Die sich darin offenbarende Erfahrung erlaubt die Frage zu stellen, ob der Topos "Heile Welt" nicht als zentrales Motiv gegenwaertiger Kunstproduktion und -reflexion verstanden werden koennte. Scheint doch einerseits die aus fortschreitender Konzeptualisierung und der Dekunstruktion des tradierten Kunstbegriffs hervorgegangene Intention einer Selbstaufhebung der Kunst in Lebenspraxis als utopischer Vorschein eines dysfunktionalen Lebens einer regressiven Aufloesung zu unterliegen: als Ornament und soziale Hygiene nimmt Kunst auch heute noch eine affirmative und zur Harmlosigkeit verurteilte gesellschaftliche Funktion ein. Andererseits treibt das Scheitern der
Avantgarde immer wieder ihre Kehrseite hervor: das Streben nach dem Mythos und der Eingebundenheit in das Ritual. In beider Hinsicht offenbart sich Kunst von dieser Seite betrachtet als Vexierbild profaner Wuensche - der Sehnsucht nach einem vegetativen Dasein. Hierin korrespondiert Kunst mit dem Wesen des Scheins von Leben, den die Produkte von Werbung und Kulturindustrie permanent versprechen.
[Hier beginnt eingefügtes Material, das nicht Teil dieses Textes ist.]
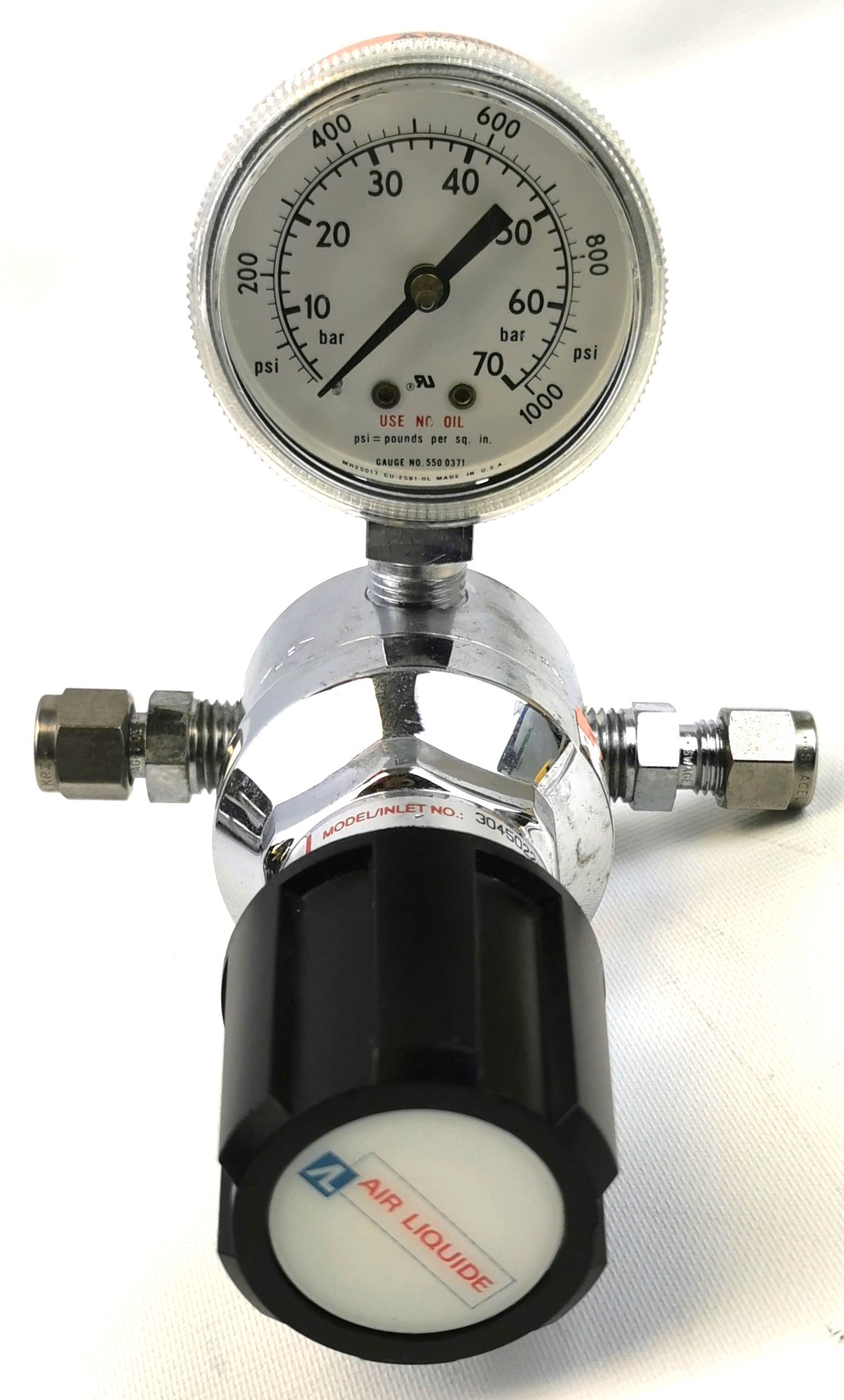 Used Liquid Air CONCOA 3045022-TF4 Pressure-Reducing Regulator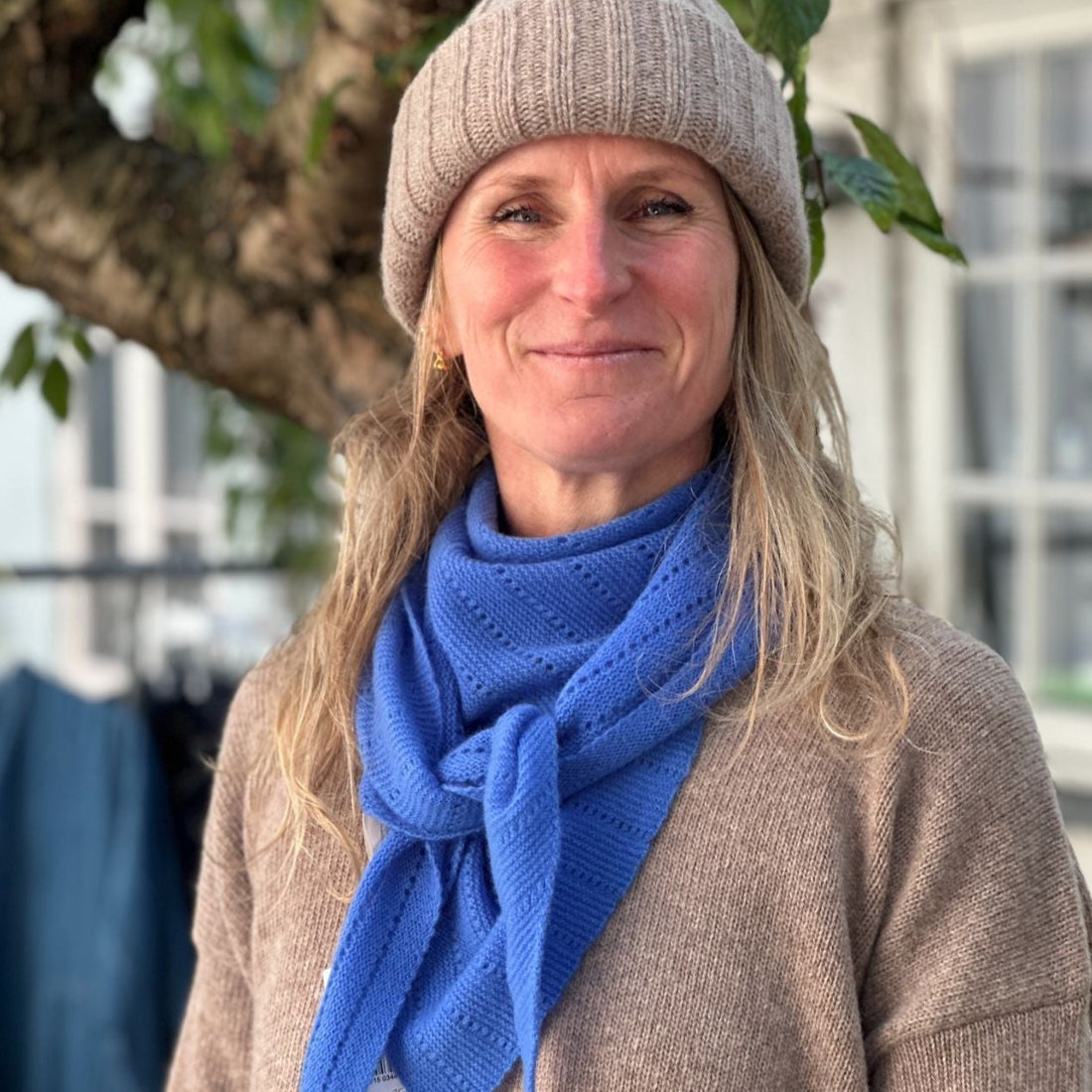 Doha Tørklæde - Cashmere - Forget Me Not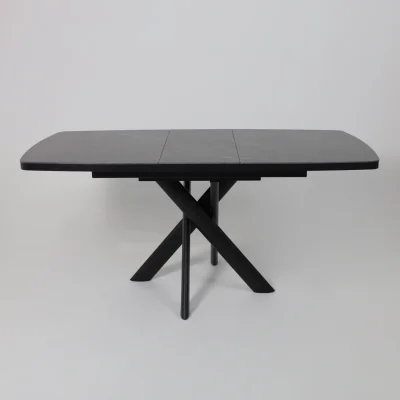 Стол LEONEL-130, раздвижной 130(165)х85, STONE BLACK ST CER/Черный_22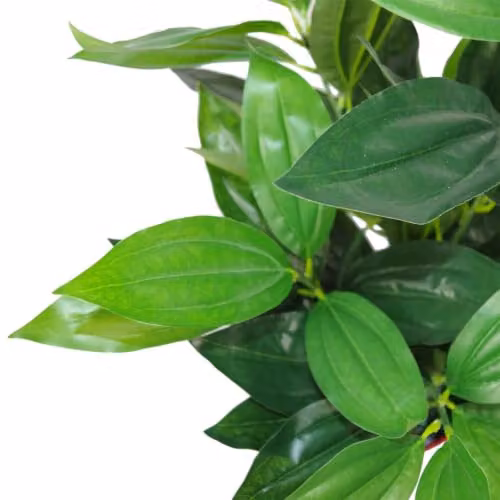 Leaf Design UK Large Bushy Artificial Evergreen Potted House Plant in Green, Height: 70 cm – 4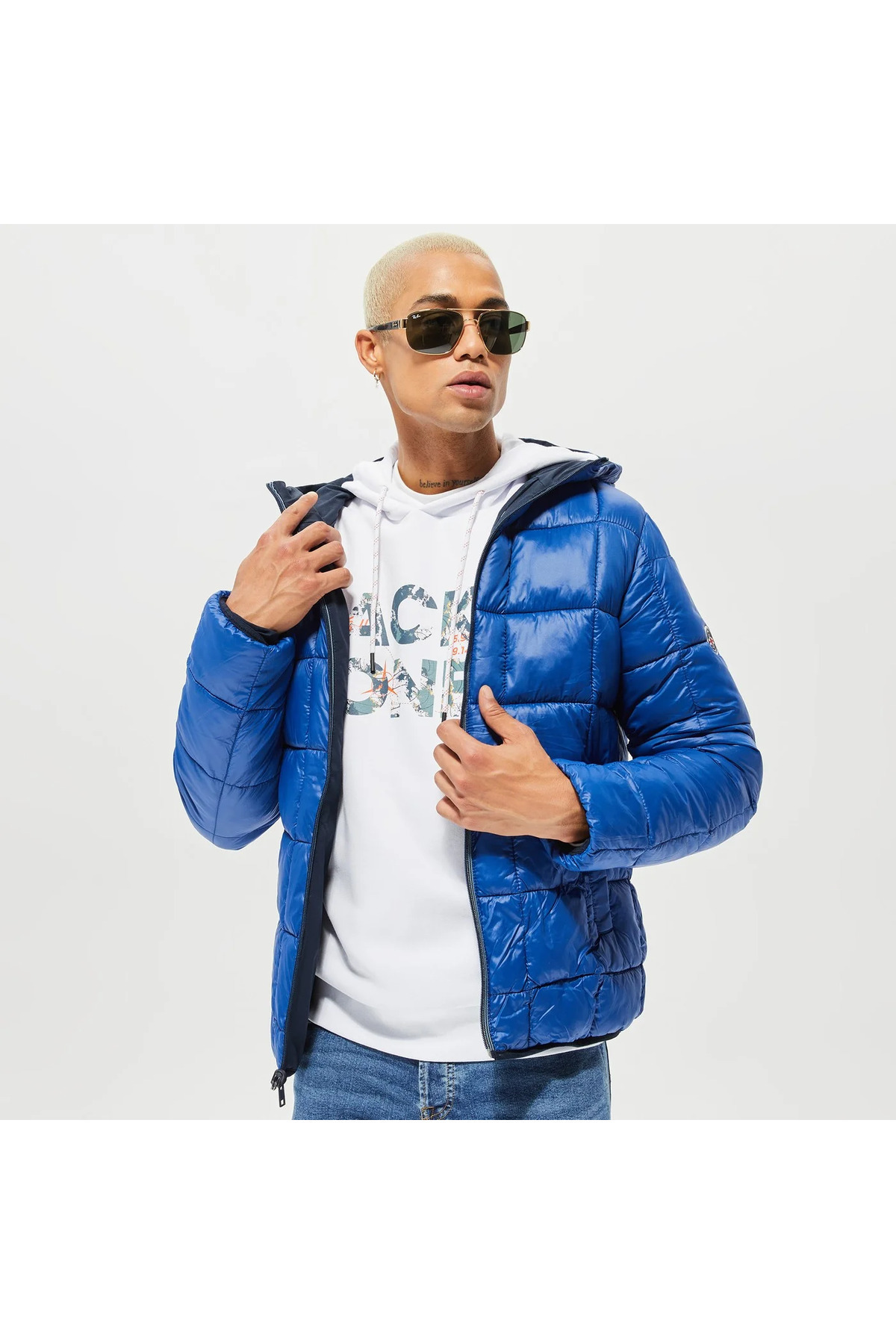 کاپشن مردانه راسته آستین بلند | جک اند جونز Jack & Jones 12215488 - تصویر 5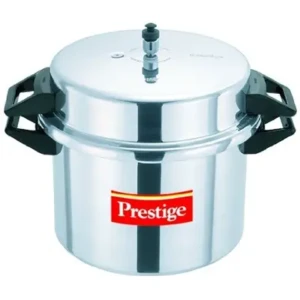 Prestige Popular Aluminium Pressure Cooker with Outer Lid, 20 Litres, Silver1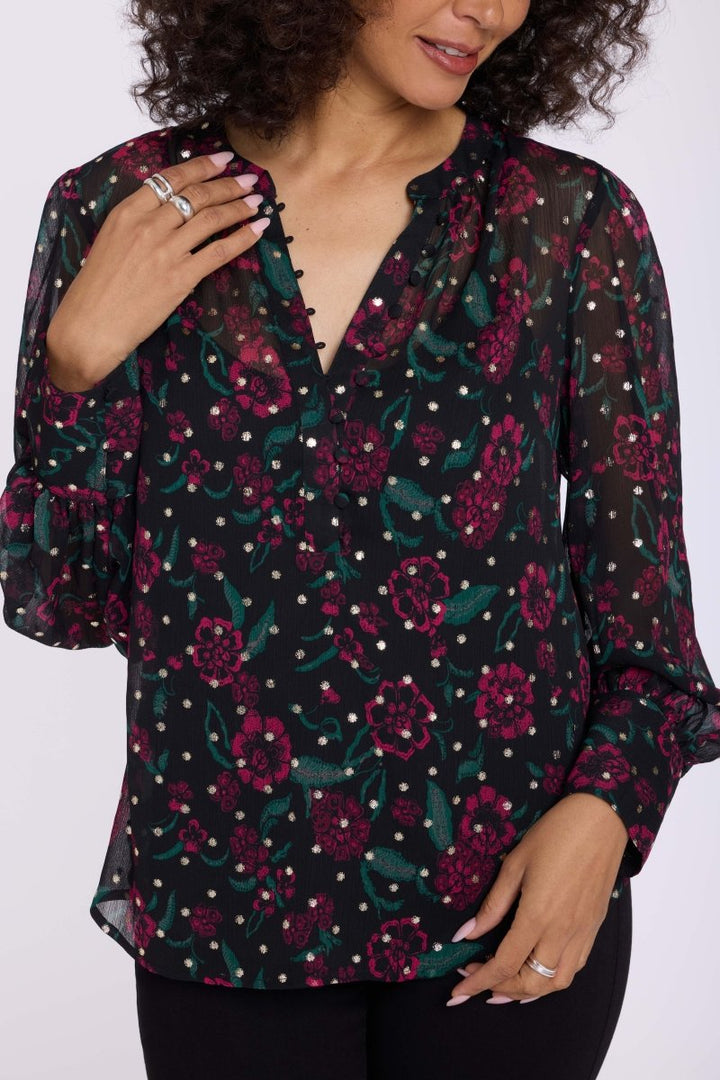 Annie Blouse | Floral Park Jazzy - NYDJ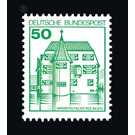 Postage stamps: castles and palaces "  - Germany / Federal Republic of Germany 1980 - 50 Pfennig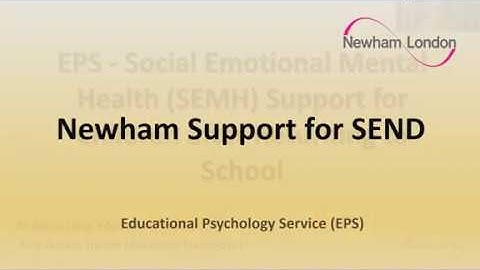 EPS SEMH support video clip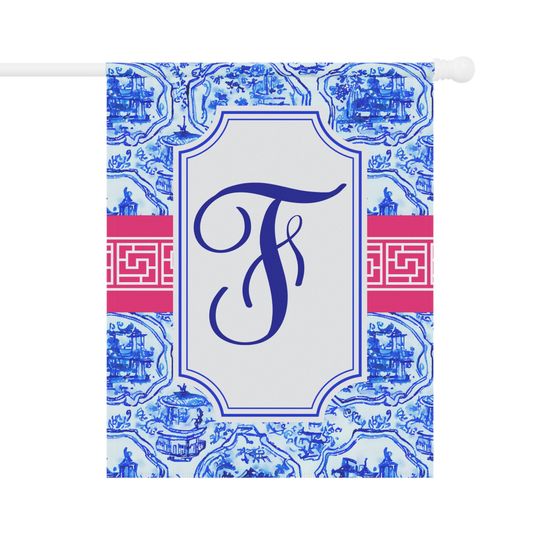 Personalized monogram house flags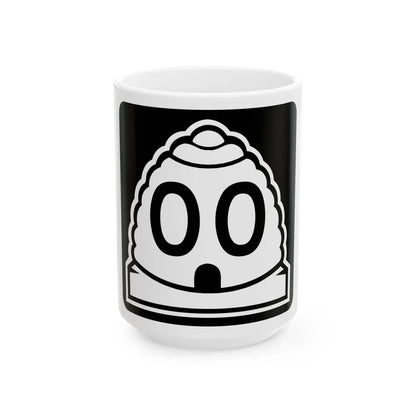 Utah 00 template (Utah) (Road Sign) White Coffee Mug 15oz - Go Mug Yourself
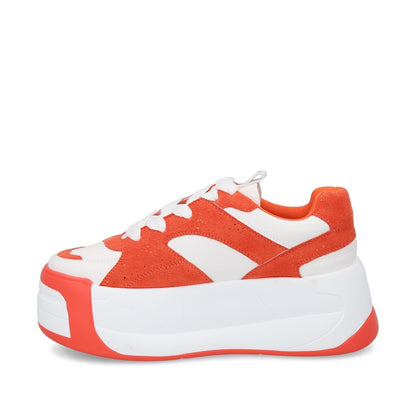 Tenis Plataforma Naranja Mujer C7325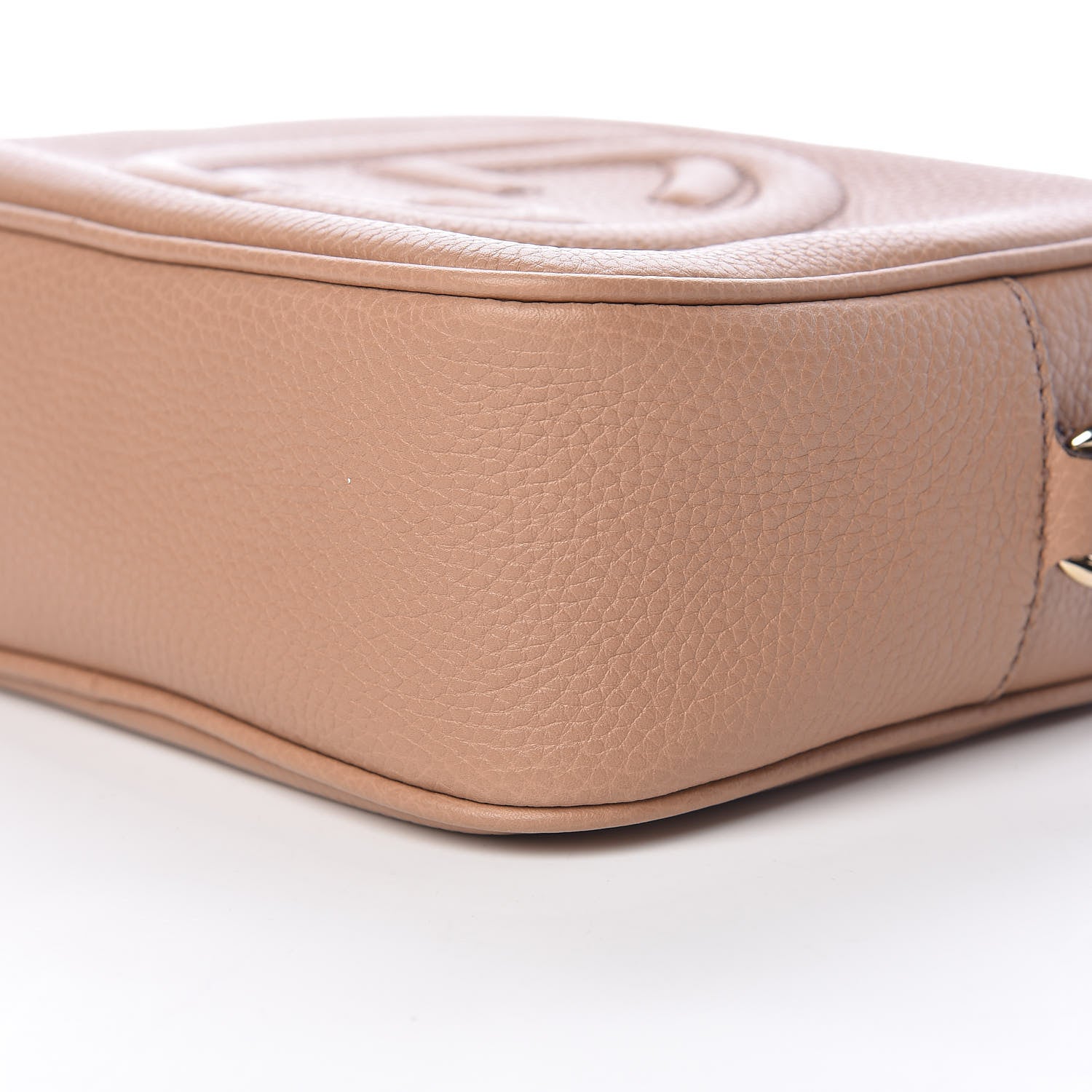 Gucci Pebbled Calfskin Small Soho Disco Bag Rose Beige 6 of 10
Harald V Uccellos Heile Welt Bilder koennten als ein Versuch gedeutet werden, diese Korrespondenz sichtbar zu machen, ohne ihren Zauber zu durchbrechen, noch ihm zu verfallen. Sie deuten einen Zwischenbereich an, den ich als "paradoxale Konstellationen der Oberflaeche" umschreiben
moechte.

Ein wesentlicher Gesichtspunkt ist zunaechst die Einsicht, dass ein Kuenstler sowohl hinsichtlich des Materials seiner Wahrnehmung als auch dessen kuenstlerischer Verarbeitung auf Vorhandenes angewiesen ist und nach dem Zerfall der Avantgarde sich mit einer Fuelle von Stilen und Ismen konfrontiert findet. Dem dadurch nahegebrachten produktiven Rueckgriff auf die Geschichte und ihre unabgegoltenen Potentiale ist jedoch eine spezifische Ambivalenz inhaerent, die sich idealtypisch als der Kontrast zweier Haltungen beschreiben liesse. Dem Entwurf eines briccoleurs im posthistoire auf der einen Seite, der beliebige Mosaike der modernen Kunst zusammenfuegt, waere das Bild des melancholischen Lumpensammlers entgegenzustellen, dessen Improvisationen aus den Truemmern einer zerfallenen Welt im geschichtlich-gesellschaftlichen Hohlraum die Spur eines wie auch immer Transitorischen, einer Utopie, andeuten.

Das ausschlagebende Moment der Haltung des Lumpensammlers ist jedoch letztlich die Erfahrung des auf sich selbst zurueckgeworfenen Kuenstlers. Gerade der Charakter des Lumpensammlers negiert aber die heroische Version vom autonomen kuenstlerischen Subjekt, tritt er doch in einer Situation auf, in der kuenstlerische Subjektivitaet nicht mehr das exclusive Zentrum einer Einheit von Kuenstler und Werk bildet, sondern selbst peripher und exterritorial geworden, sich im Medium weithin anonymer Wahrnehmungen und Erfahrungen bricht.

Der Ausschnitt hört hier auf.